By JOHN HOWELL Mayor Joseph Solomon wants to see the numbers before endorsing the Bayside sewer project that would bring sewers to 937 homes, many of which depend on cesspools and outdated septic systems. But Ward 5 Councilman Ed Ladouceur says
Mayor Joseph Solomon wants to see the numbers before endorsing the Bayside sewer project that would bring sewers to 937 homes, many of which depend on cesspools and outdated septic systems. But Ward 5 Councilman Ed Ladouceur says homeowners have waited long enough and the longer sewers are delayed the more expensive the project will be for residents.
Meanwhile, the Warwick Sewer Authority is seeking Department of Environmental Management certification of the designed project and plans to move ahead with bid specifications for the directional drilling project.
“If by moving ahead you’re telling me they’re obtaining those details with the cost and assessment per homeowner, yes, I’m in agreement with that. But am I in agreement with the project? Not until I get the cost of that project and the alternatives to that,” Solomon said in an interview Wednesday.
Solomon wants to see all the alternatives explored, including individual septic systems and septic systems serving more than one residence. He said his primary concern is what sewers is going to cost homeowners in assessments. He said he has heard projections as high as $30,000.
“I don’t know what the actual numbers are. So, yeah, if going out to RFP [request for proposals] will get us an actual number, then it would be my suggestion they go out for RFP,” he said.
“We’ve got to stop screwing around with this thing and get it done,” Ladouceur said Sunday when told of Solomon’s hesitance to back the project.
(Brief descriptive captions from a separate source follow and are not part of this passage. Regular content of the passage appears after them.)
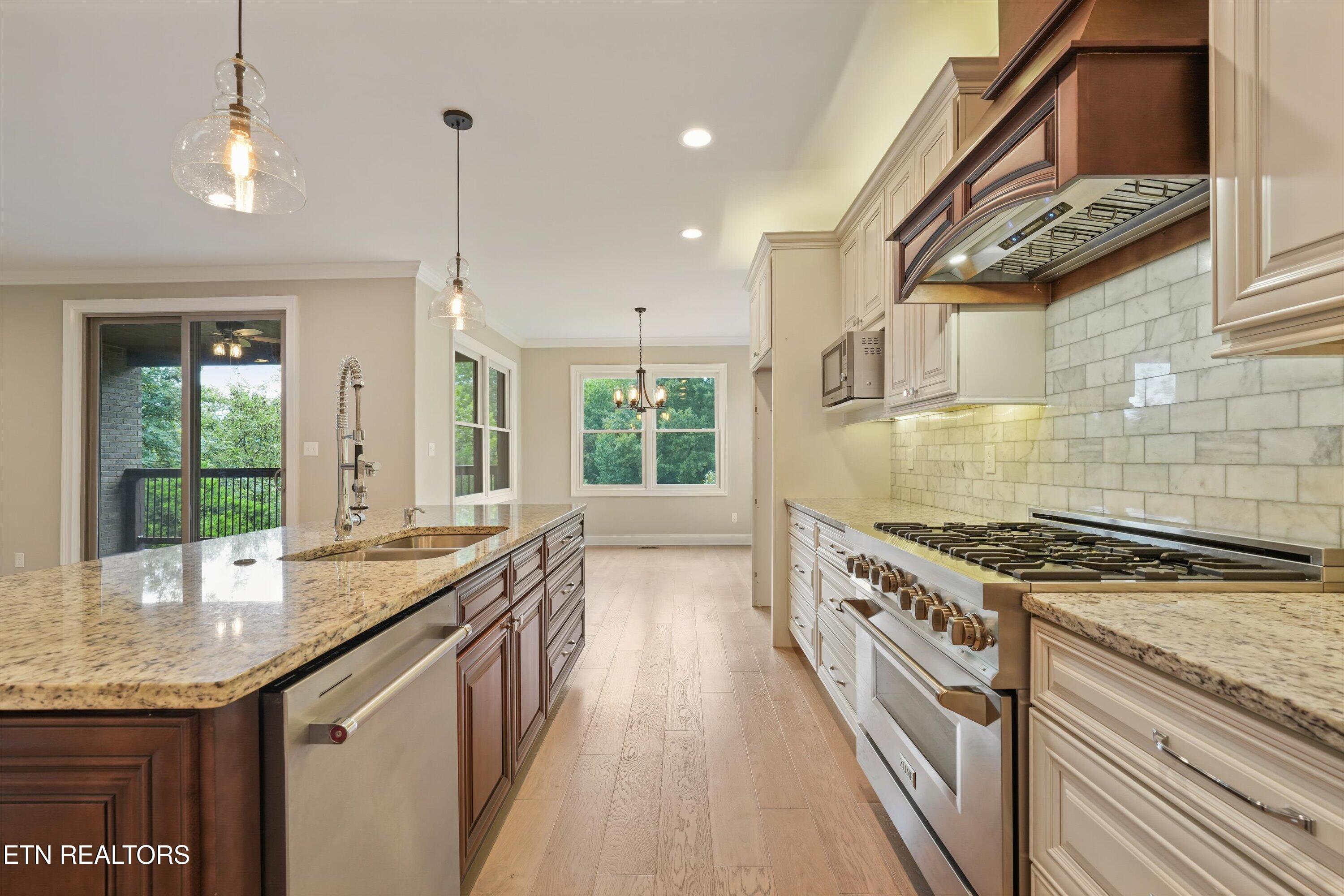 1833 Rockford Lane Knoxville TN 37922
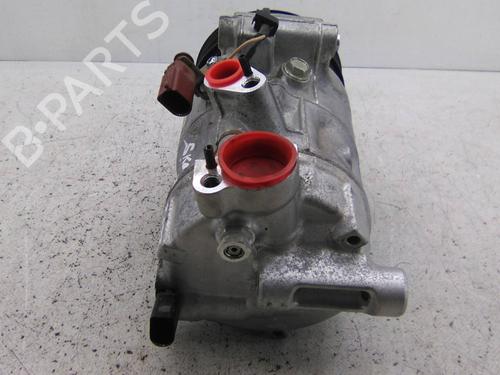 AC compressor SKODA FABIA IV (PJ3) 1.0 TSI | BP36226227M34 - Image 4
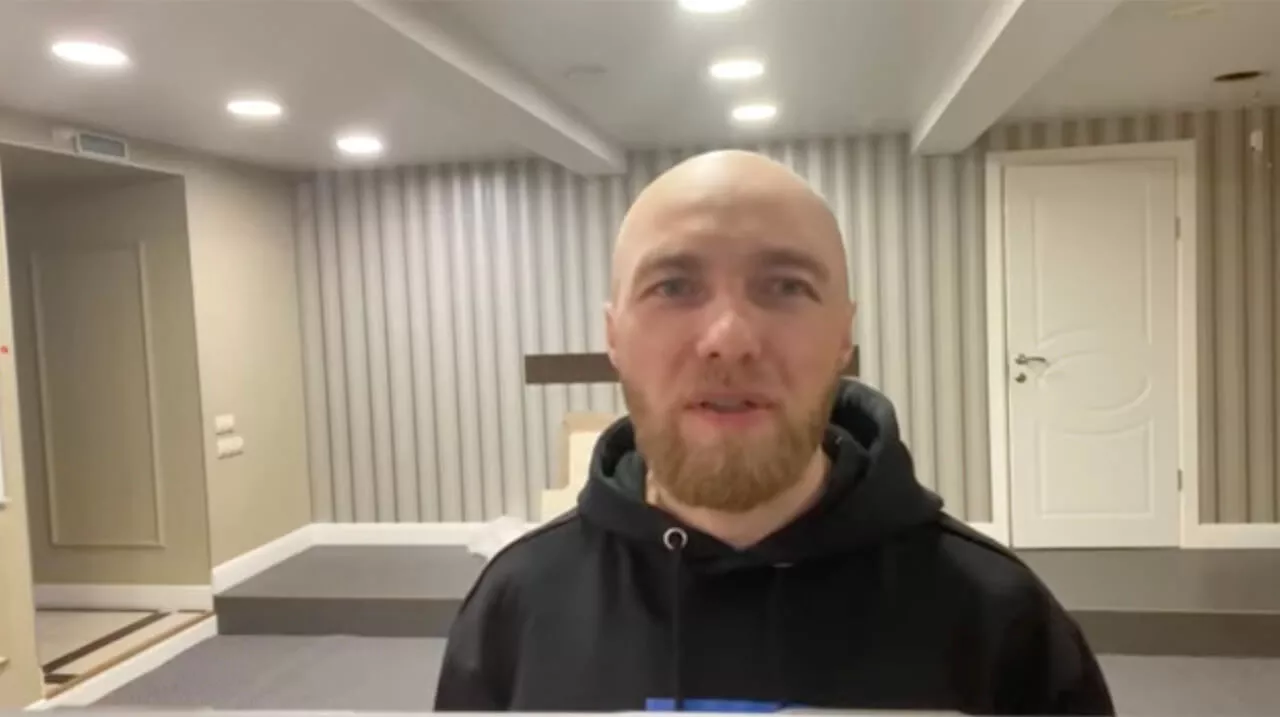 Отзыв Павла Тришина, компания "ДаВинчи" о консультации по построению отдела продаж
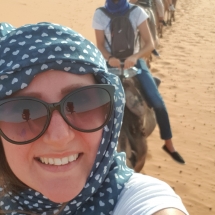 DORMIRE NRL DESERTO DORMIRE NRL DESERTO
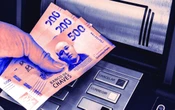 Las escuchas telefónicas en Costa Rica generan dudas sobre la oferta de adquisición de un banco mexicano | OCCRP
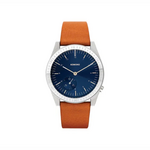 KOMONO KOMONO RAY LEGACY WATCH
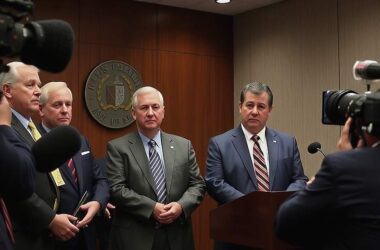 Germany SPD Rejects Chancellor Merz Criticism of New Tax Plans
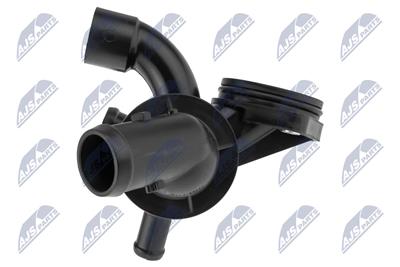 NTY CTM-VW-058 EAN: 5902048240590.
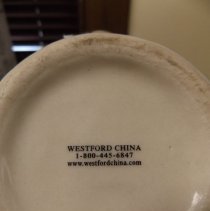 Green Mountain Coffee Roasters Mug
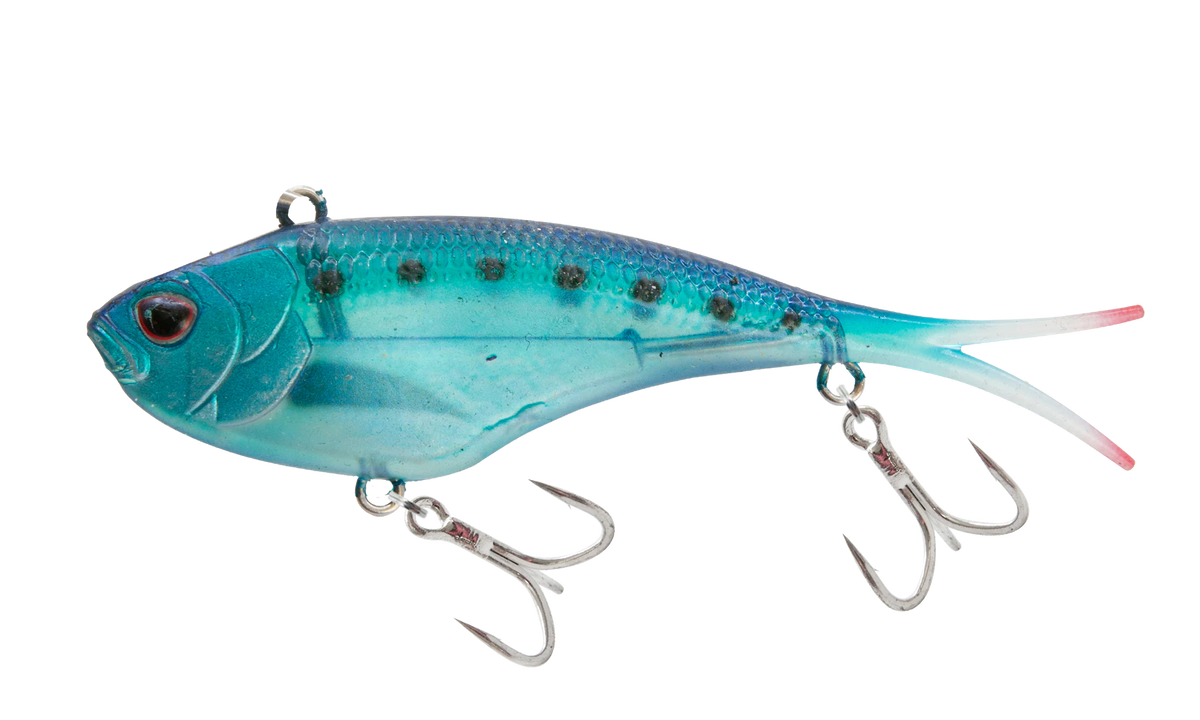 Nomad Vertrex Max Vibe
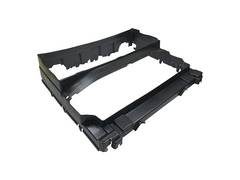 Air Deflector Cover LR084885 LR061740 LR033397 Compatible With LAND ROVER SPORT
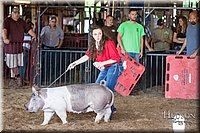 LCFAIR17-3688.jpg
He noted that not only will the cost of sewers increase with time but so also will septic systems that he put in the range of sewer assessments.
As he has advocated, Ladouceur said the city should offer relief to homeowners facing sewer assessments by underwriting the cost of repaving roads impacted by sewer construction. Having the city pick up repaving costs could shave as much as 20 percent off assessments, he said.
And now that Solomon is looking to borrow $16.4 million for road projects and to convert street lighting to LEDs at a savings in operating costs, Ladouceur sees all the more reason that the city should pay for repaving after a sewer project is completed. He said roads are services for all people and that homeowners should have to pay for them as part of their sewer assessment.
“If we’re going to borrow for roads and all the taxpayers are paying for them, then the city should cover the cost of roads on sewer projects,” he said.
Solomon says he hasn’t a firm grasp on the cost of Bayside sewers.
“I was first presented an initial range that continues to increase. I know you’re not going to be able to nail it down to the penny, but I need a good, solid approximation before I can encumber those homeowners and try to do what’s best and most cost-feasible for them to be able to afford and remain in their houses,” he said.
He added, “Not only does the mayor want to know what the approximate cost is going to be, but I want each and every homeowner in that area to know what the approximate cost is going to be – because that’s fair to them too. You don’t want to blindside them too.”